Novo Nordisk社のJacob Hyllested-Winge氏

 開発中の超持効型インスリン製剤であるインスリン デグルデク(以下、デグルデク)は、既存製剤と比較して低血糖の発現頻度が少ないことが複数の研究で報告されている。この低血糖の発現頻度が少ないことが、糖尿病患者の健康関連QOLにも好影響を与える可能性があることが報告された。英国Newcastle大学のHome PD氏らがまとめた研究結果で、5月17日から19日まで横浜で開催された第55回日本糖尿病学会(JDS2012)においてNovo Nordisk社のJacob Hyllested-Winge氏が報告した。

 糖尿病治療において、血糖値のコントロールには適切な治療とともに、治療継続性を確保するために、糖尿病患者の治療に対する信頼を確立し、アドヒアランスを低下させないことが重要になる。その一方で、治療法の煩雑さや厳格さによるストレス、あるいは低血糖や注射手技への恐怖感が、患者の健康関連QOL(HRQoL)に悪影響を与えることも知られている。特に低血糖は、治療に対するアドヒアランスやHRQoLを低下させる重大なリスクであることが示唆されている

 超持効型インスリン製剤であるデグルデクの1型糖尿病患者に対する有効性と安全性が、インスリン グラルギン(以下、グラルギン)を対照に16週にわたり比較検討され、その結果が2011年に論文発表されている(Birkland et al. Diabetes Care, 2011;34:661-665)。この検討では、デグルデクが血糖コントロールにおいてグラルギンとの同等性を示すとともに、夜23時から翌朝5時59分までの確定夜間低血糖(血糖値56mg/dL未満または第3者による処置を必要とするもの)を、グラルギンに対してハザード比0.42(95%信頼区間[CI]:0.25−0.69)で減少させ、全確定低血糖もハザード比0.72(95%CI:0.52−1.00)で減少させることが示唆された。

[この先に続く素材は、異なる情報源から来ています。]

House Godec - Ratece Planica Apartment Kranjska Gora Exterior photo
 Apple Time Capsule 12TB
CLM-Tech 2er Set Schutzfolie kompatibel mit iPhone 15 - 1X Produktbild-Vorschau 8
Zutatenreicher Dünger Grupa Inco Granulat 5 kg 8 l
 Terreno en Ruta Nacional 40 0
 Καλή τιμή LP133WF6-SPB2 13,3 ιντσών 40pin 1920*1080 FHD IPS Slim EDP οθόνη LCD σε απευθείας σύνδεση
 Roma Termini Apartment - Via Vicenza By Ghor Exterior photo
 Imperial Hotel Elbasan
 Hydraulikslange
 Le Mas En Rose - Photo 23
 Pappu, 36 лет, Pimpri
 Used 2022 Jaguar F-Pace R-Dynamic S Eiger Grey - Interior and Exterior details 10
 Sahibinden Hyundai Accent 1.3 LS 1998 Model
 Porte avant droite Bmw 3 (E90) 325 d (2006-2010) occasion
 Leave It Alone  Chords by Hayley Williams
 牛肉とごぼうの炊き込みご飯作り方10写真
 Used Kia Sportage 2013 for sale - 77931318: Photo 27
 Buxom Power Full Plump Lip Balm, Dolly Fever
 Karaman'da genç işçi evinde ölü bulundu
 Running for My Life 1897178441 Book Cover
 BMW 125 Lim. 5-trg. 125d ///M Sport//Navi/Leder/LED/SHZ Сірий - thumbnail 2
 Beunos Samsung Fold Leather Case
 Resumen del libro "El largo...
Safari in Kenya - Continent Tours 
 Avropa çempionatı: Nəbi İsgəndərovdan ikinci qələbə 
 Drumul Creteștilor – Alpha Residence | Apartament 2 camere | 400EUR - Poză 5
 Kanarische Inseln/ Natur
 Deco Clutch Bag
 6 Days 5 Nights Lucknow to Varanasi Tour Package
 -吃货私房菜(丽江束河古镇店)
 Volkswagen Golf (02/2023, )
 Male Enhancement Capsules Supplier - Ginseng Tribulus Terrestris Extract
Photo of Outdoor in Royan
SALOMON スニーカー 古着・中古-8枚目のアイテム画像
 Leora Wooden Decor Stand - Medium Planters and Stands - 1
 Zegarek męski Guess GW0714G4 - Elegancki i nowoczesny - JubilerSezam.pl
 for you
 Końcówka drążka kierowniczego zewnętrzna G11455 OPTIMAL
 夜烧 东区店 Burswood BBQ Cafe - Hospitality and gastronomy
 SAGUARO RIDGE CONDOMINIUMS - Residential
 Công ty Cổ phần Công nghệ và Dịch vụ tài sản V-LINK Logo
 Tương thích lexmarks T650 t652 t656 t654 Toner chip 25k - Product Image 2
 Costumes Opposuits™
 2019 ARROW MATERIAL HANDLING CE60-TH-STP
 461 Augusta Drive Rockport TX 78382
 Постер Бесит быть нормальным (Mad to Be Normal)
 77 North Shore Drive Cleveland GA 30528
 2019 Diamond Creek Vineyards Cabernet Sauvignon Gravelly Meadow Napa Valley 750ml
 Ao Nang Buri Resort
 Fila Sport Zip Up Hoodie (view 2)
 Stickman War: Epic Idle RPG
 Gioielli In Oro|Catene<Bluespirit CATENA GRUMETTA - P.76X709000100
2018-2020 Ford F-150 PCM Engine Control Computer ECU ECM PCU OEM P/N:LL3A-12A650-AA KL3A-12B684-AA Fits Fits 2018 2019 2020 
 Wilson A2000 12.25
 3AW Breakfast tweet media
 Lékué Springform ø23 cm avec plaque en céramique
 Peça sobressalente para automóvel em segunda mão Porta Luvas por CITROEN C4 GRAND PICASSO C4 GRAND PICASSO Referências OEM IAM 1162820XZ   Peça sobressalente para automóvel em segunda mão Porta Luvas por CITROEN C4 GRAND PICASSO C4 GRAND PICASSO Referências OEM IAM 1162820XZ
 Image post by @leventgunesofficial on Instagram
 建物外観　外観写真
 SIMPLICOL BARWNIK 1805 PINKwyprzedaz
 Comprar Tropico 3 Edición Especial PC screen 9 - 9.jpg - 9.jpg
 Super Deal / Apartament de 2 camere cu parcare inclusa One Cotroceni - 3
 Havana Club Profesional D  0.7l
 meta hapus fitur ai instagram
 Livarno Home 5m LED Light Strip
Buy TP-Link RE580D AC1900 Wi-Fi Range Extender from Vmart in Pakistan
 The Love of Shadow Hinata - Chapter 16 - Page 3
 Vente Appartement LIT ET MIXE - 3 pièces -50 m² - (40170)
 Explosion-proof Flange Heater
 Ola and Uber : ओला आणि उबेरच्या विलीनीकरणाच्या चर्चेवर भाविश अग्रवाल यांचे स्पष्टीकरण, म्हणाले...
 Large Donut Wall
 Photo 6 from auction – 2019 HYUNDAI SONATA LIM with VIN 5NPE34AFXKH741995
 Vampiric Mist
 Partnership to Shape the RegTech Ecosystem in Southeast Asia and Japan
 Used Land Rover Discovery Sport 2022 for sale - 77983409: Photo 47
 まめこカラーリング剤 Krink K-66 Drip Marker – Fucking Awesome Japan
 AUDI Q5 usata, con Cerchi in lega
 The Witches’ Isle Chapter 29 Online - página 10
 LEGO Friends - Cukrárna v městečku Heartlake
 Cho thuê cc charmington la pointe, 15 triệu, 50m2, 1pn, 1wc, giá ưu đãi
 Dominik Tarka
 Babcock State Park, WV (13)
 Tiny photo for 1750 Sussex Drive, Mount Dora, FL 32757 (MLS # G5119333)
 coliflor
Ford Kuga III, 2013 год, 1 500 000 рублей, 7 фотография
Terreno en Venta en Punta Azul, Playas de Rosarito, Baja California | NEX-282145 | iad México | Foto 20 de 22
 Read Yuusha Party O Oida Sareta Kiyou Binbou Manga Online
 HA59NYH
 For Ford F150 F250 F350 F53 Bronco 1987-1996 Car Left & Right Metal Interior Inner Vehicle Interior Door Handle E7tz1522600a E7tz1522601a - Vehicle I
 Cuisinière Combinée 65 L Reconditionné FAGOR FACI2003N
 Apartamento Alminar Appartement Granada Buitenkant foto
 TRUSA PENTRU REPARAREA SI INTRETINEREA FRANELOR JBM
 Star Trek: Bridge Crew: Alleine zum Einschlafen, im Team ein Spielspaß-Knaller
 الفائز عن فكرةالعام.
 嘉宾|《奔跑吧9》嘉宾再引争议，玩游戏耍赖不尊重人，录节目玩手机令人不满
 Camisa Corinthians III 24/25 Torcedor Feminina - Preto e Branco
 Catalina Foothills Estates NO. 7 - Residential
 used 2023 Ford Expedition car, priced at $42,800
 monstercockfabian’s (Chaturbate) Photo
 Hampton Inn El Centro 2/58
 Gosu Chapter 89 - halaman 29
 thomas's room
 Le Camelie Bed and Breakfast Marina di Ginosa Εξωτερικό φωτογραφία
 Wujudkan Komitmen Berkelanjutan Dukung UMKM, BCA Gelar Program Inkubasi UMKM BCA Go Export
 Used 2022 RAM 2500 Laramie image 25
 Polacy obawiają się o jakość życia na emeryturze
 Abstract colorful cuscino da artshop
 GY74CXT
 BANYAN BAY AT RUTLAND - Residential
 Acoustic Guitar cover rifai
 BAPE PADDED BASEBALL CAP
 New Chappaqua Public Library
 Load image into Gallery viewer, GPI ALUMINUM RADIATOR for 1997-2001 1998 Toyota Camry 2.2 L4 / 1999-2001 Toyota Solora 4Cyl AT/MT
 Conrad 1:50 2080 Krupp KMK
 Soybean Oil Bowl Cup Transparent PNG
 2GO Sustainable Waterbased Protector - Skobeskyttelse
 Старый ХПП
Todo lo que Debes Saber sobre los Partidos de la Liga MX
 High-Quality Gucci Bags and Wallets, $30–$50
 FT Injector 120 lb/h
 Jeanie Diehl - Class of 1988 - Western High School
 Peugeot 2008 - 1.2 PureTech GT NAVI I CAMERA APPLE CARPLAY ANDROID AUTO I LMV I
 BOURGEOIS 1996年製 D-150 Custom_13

 Hyllested-Winge氏らは今回、このデグルデクの試験の副次評価項目として解析されたHRQoLに関するデータを抽出し、報告した。

 対象は、12カ月以上の罹病歴を有する1型糖尿病患者118人。平均年齢45.8歳、HbA1cは平均8.4%、BMIは平均26.9kg/m2だった。これらの患者はグラルギン1日1回夕方投与59例と、デグルデク1日1回夕方投与59例に、無作為割り付けされていた。両群ともに、食事時にインスリン アスパルトが追加投与されていた。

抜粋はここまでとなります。